- **Exercise aim**
For the entries below, the expected answer is the line with "Used 2023 Gray Honda Sport Touring image 14", the line with "Disney Lorcana Lot", and every line between them, exactly as written, and nothing more.

- **Records shown**
-.-.-

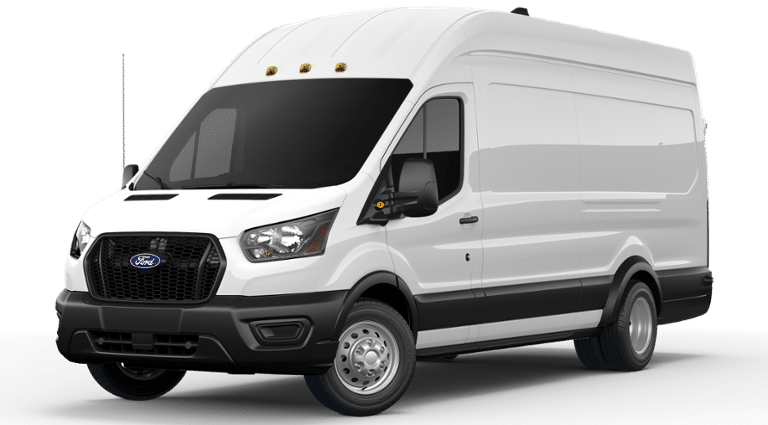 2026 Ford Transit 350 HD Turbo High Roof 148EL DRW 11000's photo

-.-.-

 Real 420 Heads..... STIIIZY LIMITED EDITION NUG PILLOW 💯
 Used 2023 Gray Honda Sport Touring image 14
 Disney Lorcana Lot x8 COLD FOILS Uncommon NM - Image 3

-.-.-

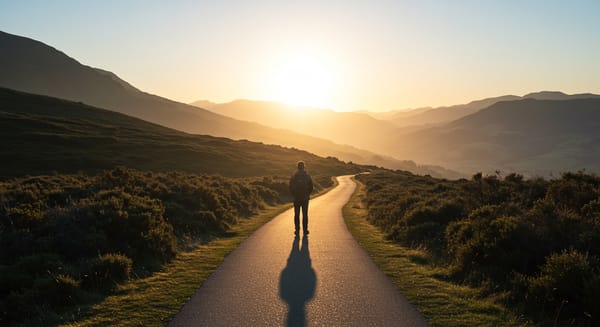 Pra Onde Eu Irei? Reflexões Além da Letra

-.-.-

- **Result of the task**
 Used 2023 Gray Honda Sport Touring image 14
 Disney Lorcana Lot x8 COLD FOILS Uncommon NM - Image 3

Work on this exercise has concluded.